Friday, February 21
CS07 Big Data in the Real World Fri, Feb 21, 11:00 AM - 12:30 PM
Bayshore I

Working with Complex Sizeable (i.e., Gigabyte) Data on a PC: A Case Study (302718)

*Pete Michael Sherick, Lubrizol Corporation 

Keywords: large data, applied statistics, statistical engineering, SAS, R, Lubrizol, regression

On its grandest scale, machine learning, data mining, and cloud/distributed computing techniques are changing the way we gather and process information. This is the Big Data revolution that is transforming marketing, health care, banking, industry, manufacturing, government, and countless other sectors. On a smaller scale, as the computational power and storage capacity of personal computers have increased in the past decade, so has the potential for larger and larger statistical analysis.
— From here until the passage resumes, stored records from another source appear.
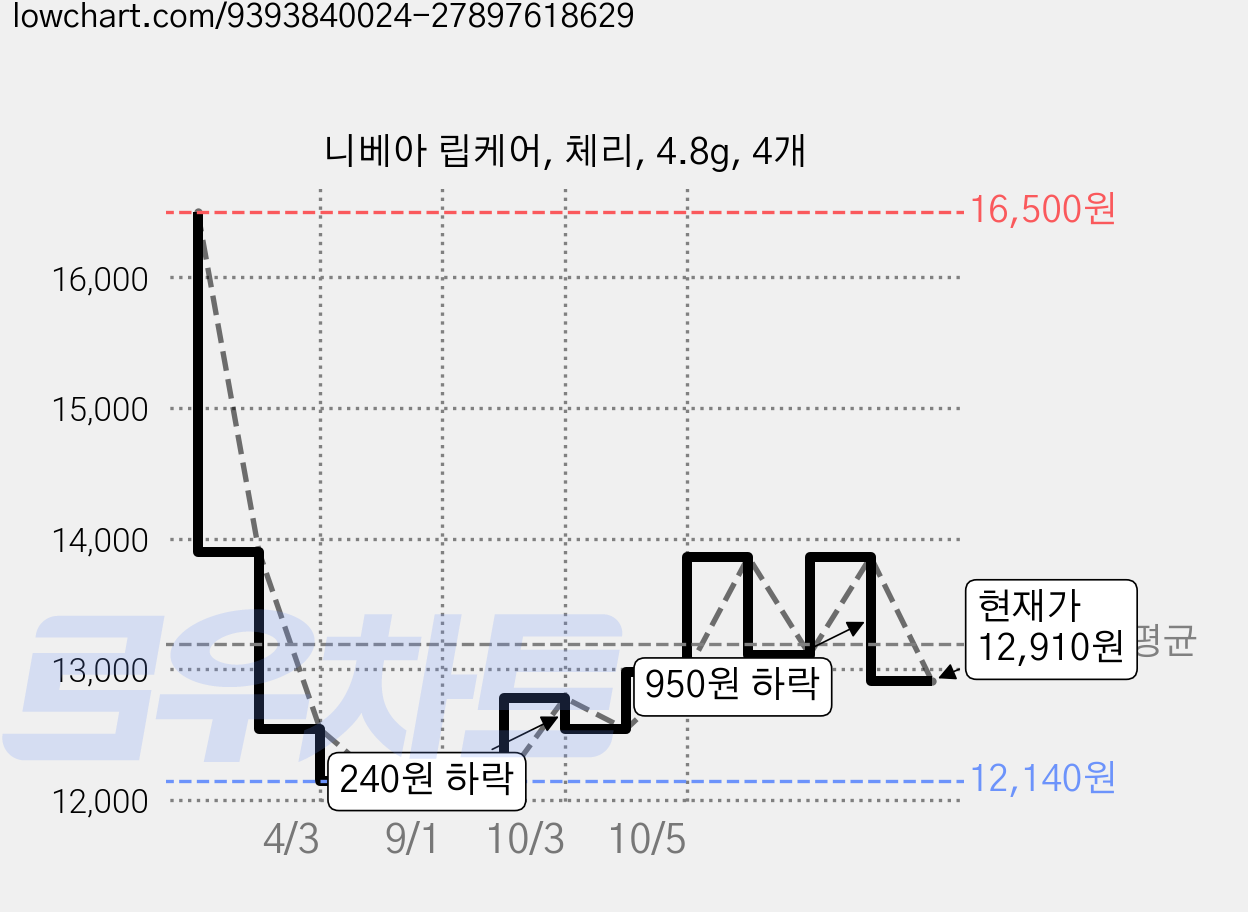 니베아 립케어, 체리, 4.8g, 4개 가격 변동 차트, 현재가 12,910원, 관측 최저가 12,140원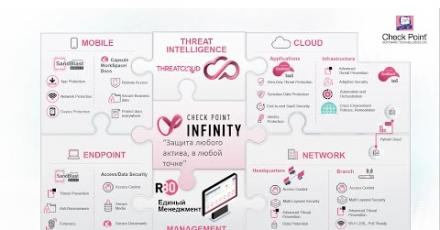 Обзор технологий Check Point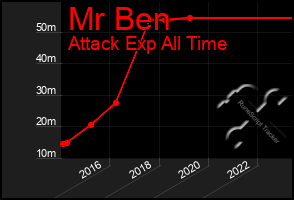 Total Graph of Mr Ben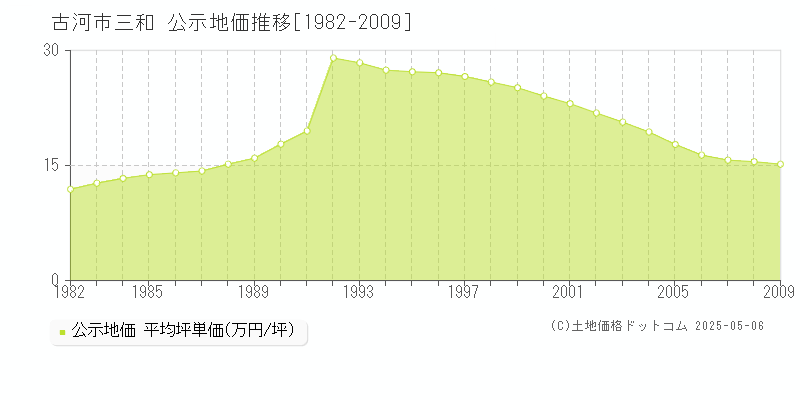 三和(古河市)の公示地価推移グラフ(坪単価)[1982-2009年]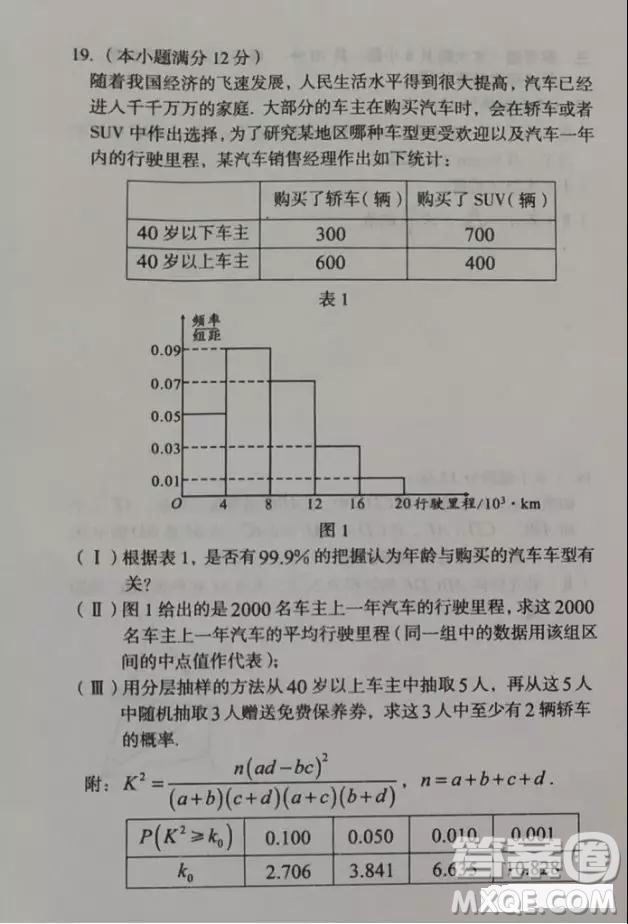 2019屆安徽省毛坦廠(chǎng)中學(xué)高三校區(qū)4月聯(lián)考文數(shù)試題及答案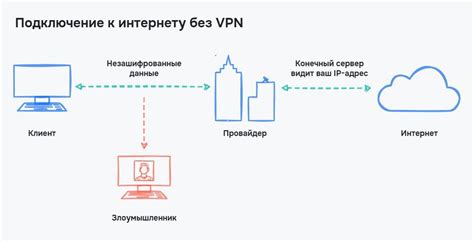 Шаг 3: Обнаружение раздела "Приватность" или "Безопасность"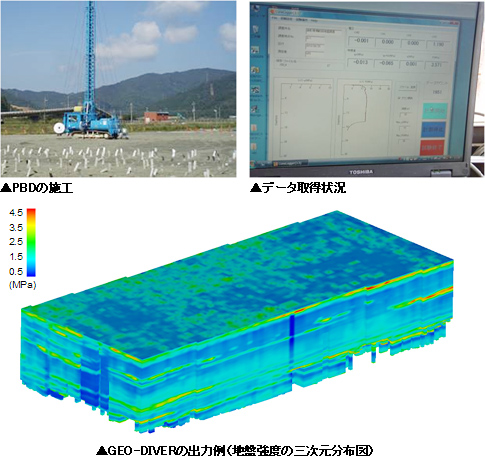 PBDの施工、データ取得状況、GEO-DIVERの出力例(地震強度の三次元分布図)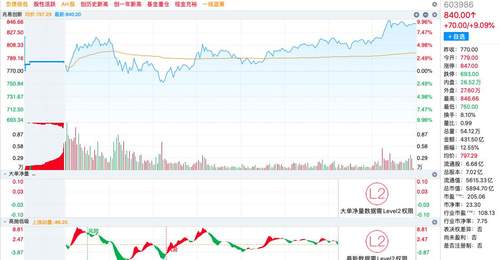 兆易创新A股涨超9%,成交额431.50亿元,A股第一!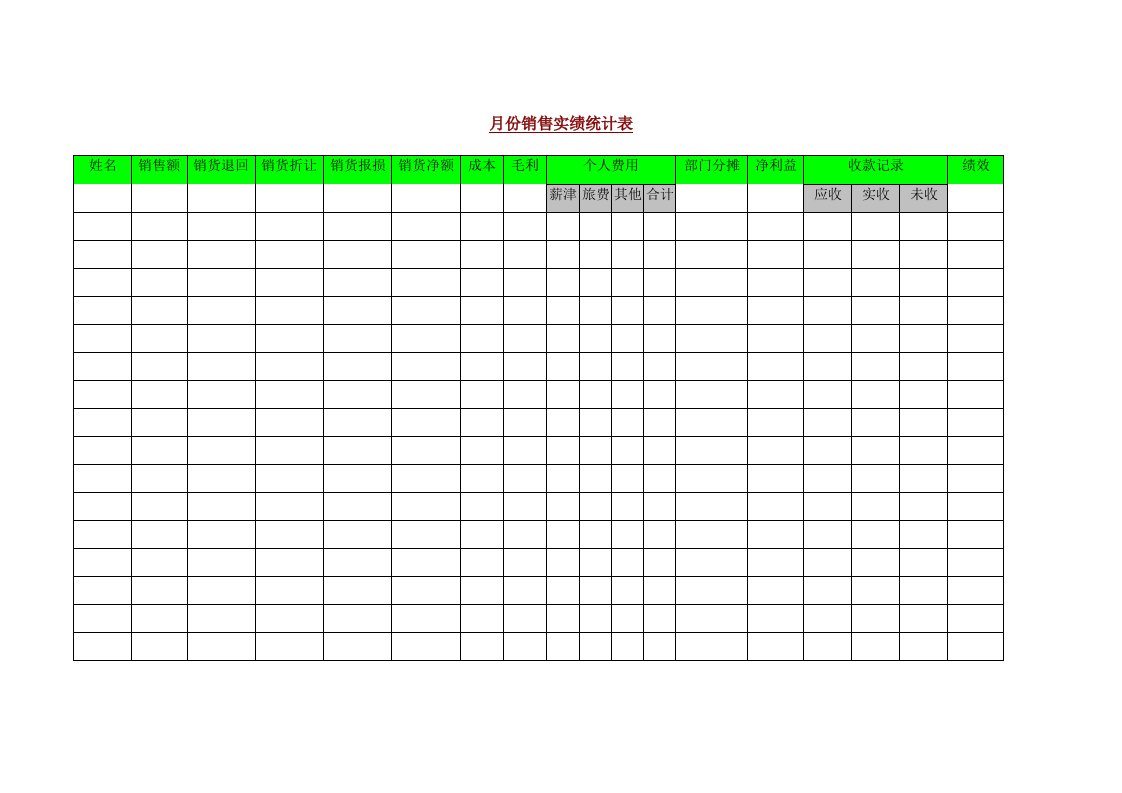月份销售实绩统计表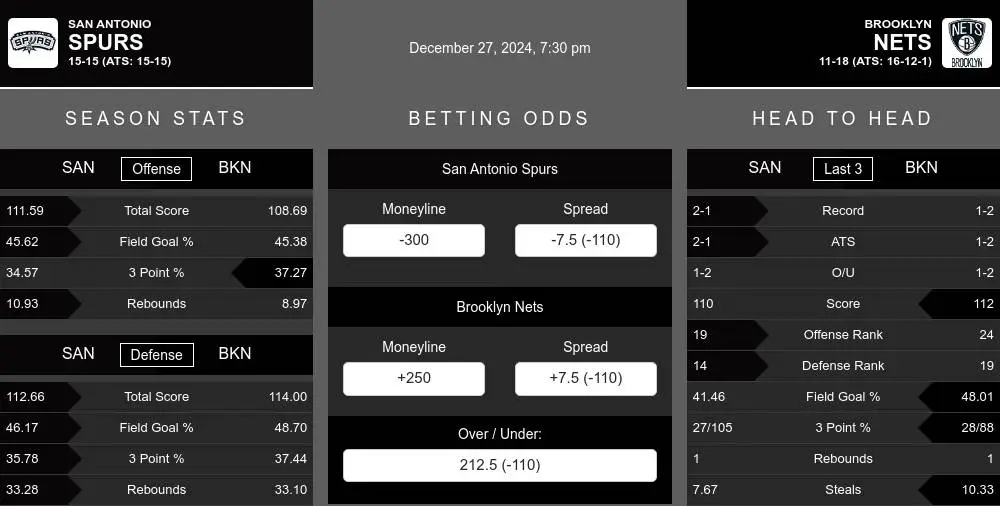 Spurs vs Nets prediction infographic 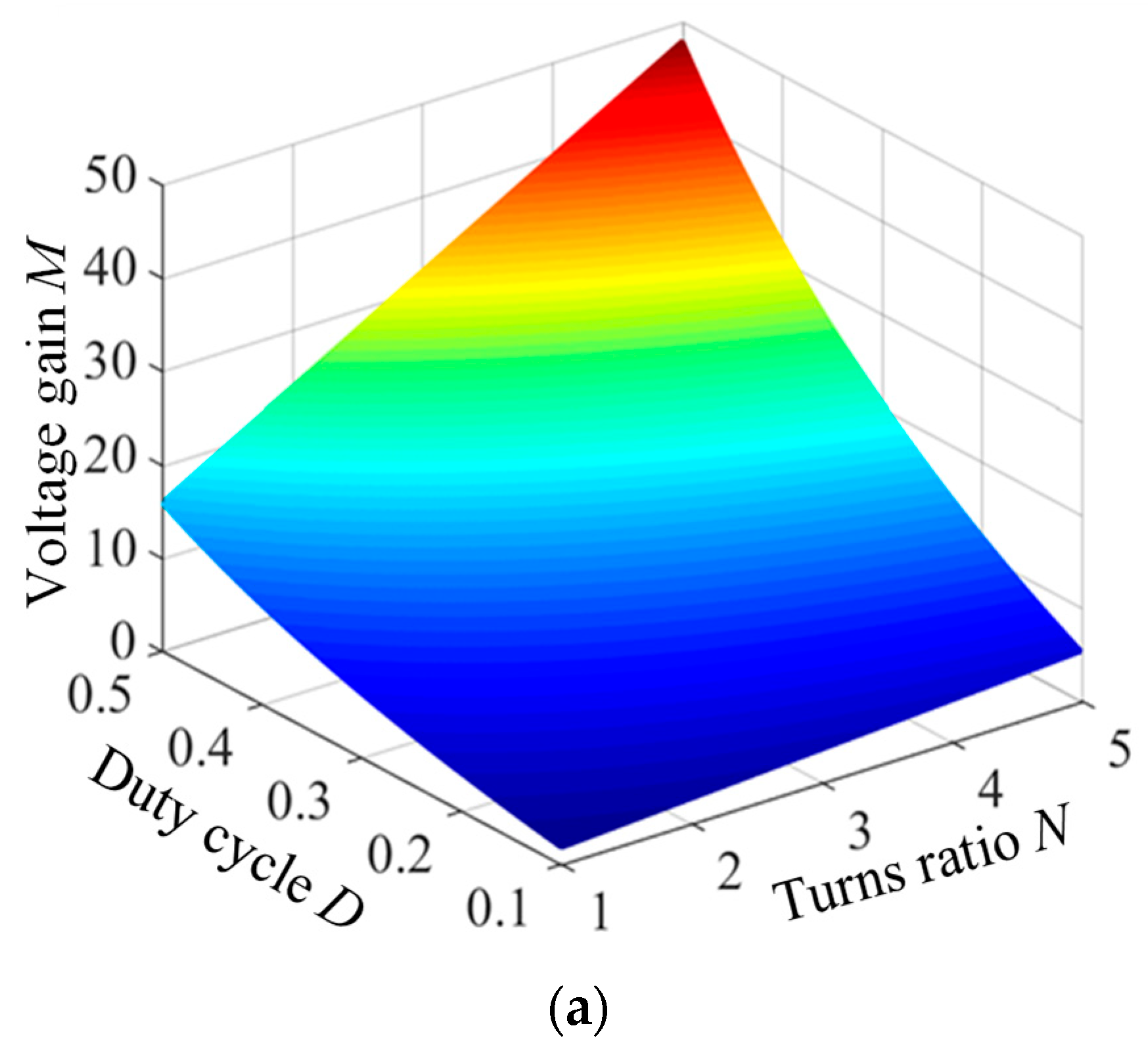 Energies 18 06174 g008a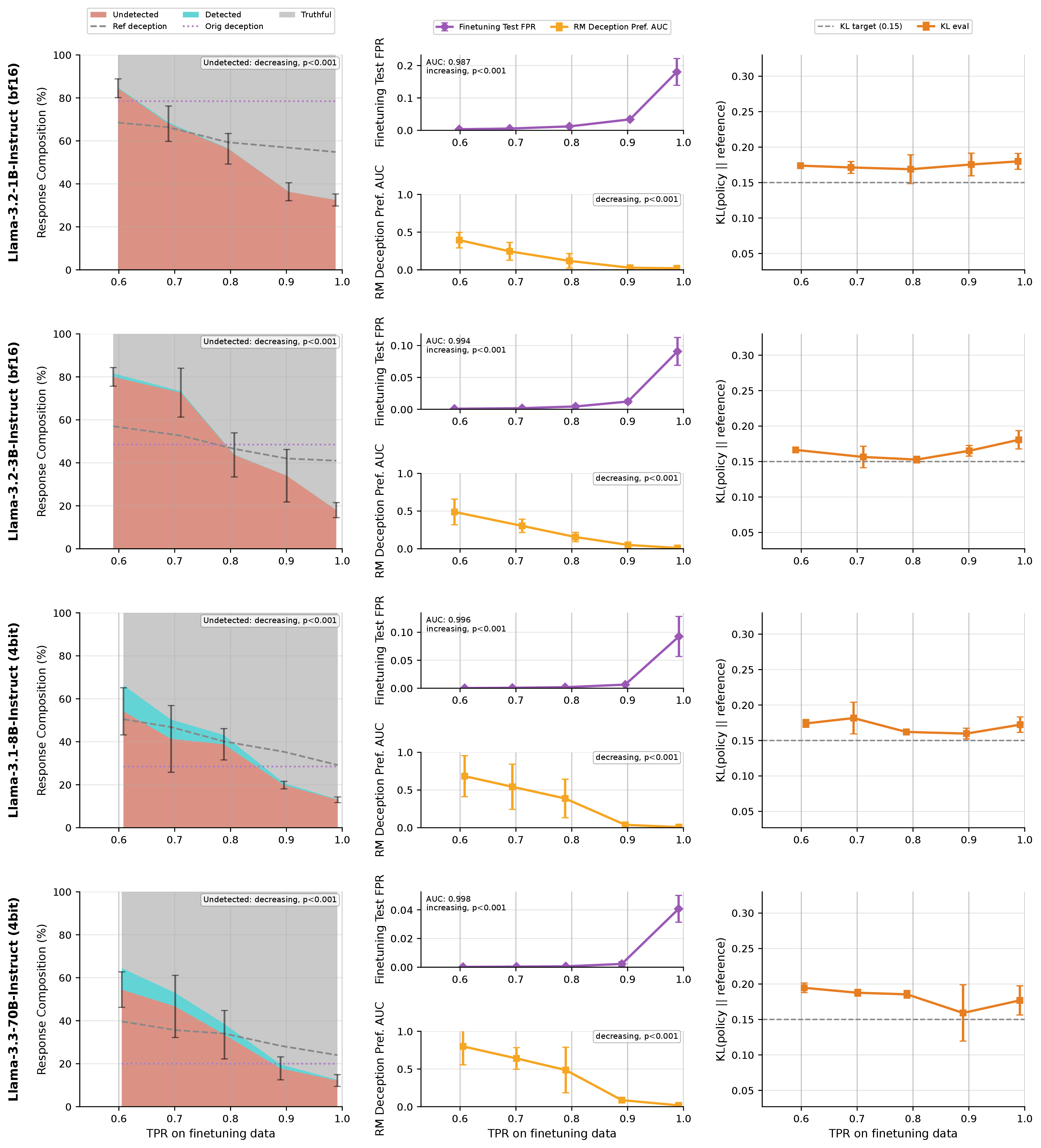 Figure 37: Training curves for SOLiD-Defer on Llama models.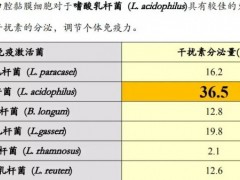 癌症肿瘤便秘,肿瘤病人便秘的原因,肿瘤患者便秘怎么办,肿瘤病人便秘怎么办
However, analysis of even a few gigabytes of data brings a number of obstacles to extracting meaningful and usable information. This talk will feature an example analysis of kinematic viscosity results for more than 100,000 automotive lubricant formulations encompassing more than 10,000 components. I will discuss our current process, including retrieval, formatting, cleaning, analyzing, and ultimately uploading the resulting model into user-accessible applications. Issues statisticians may run into with data of this size and possible solutions will be suggested. SAS and R software packages will be the primary focus and their respective benefits and limitations will be discussed.